Copy the lines from the start of the records below through the line containing "Radiator, racire motor 1000219 FEBI BILSTEIN", both included, and leave out the pictures.

Stored data:
Start of Block
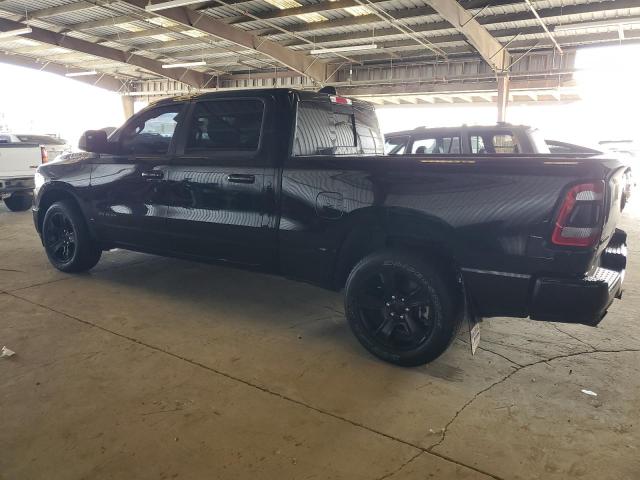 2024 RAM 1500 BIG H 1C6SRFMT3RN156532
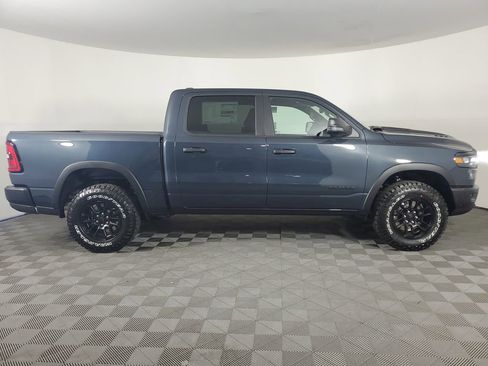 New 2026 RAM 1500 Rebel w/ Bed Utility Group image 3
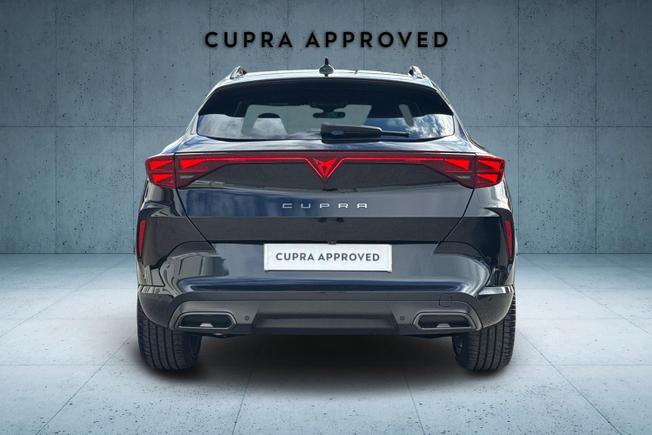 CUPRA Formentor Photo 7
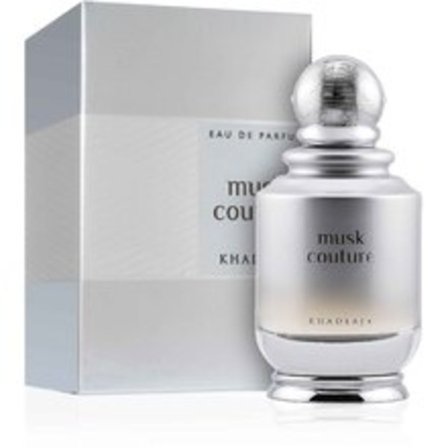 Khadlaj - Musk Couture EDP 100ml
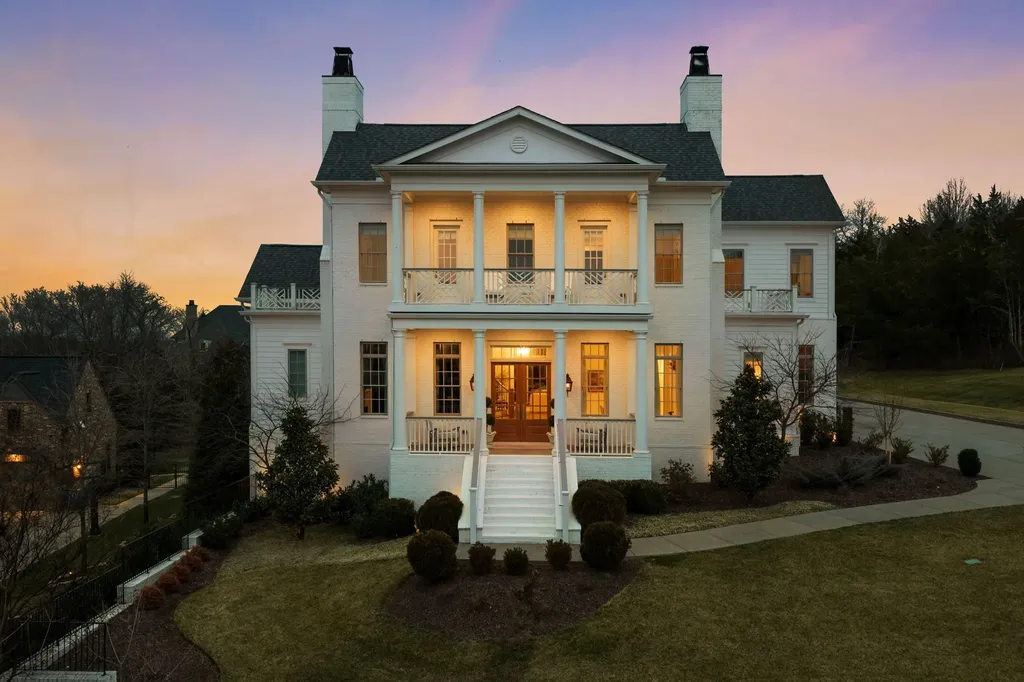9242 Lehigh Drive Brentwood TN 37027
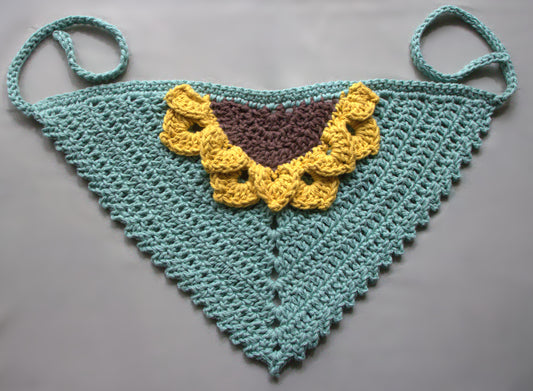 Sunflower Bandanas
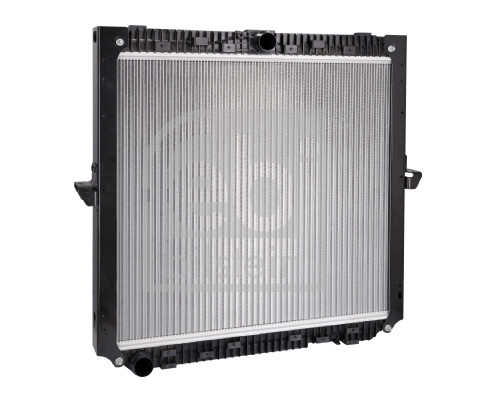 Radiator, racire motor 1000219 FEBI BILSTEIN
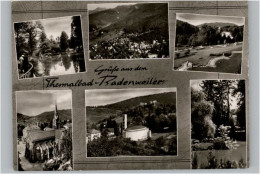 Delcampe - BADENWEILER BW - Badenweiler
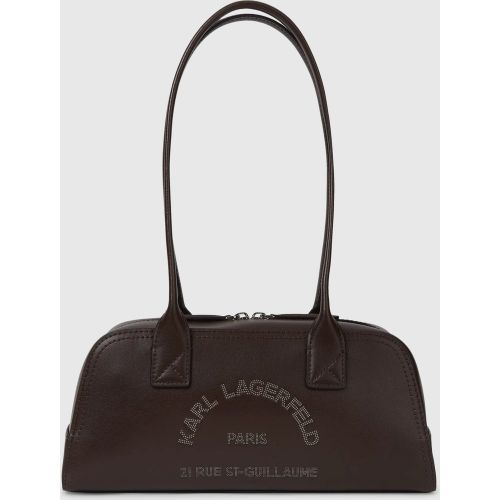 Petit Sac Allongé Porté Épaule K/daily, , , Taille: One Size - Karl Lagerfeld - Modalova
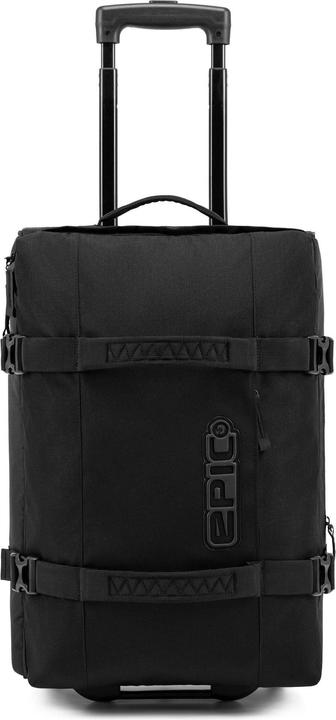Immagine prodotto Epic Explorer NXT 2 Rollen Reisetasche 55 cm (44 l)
End of Block
Answer for this exercise:
 2024 RAM 1500 BIG H 1C6SRFMT3RN156532
 New 2026 RAM 1500 Rebel w/ Bed Utility Group image 3
 CUPRA Formentor Photo 7
 Khadlaj - Musk Couture EDP 100ml
9242 Lehigh Drive Brentwood TN 37027
 Sunflower Bandanas
 Radiator, racire motor 1000219 FEBI BILSTEIN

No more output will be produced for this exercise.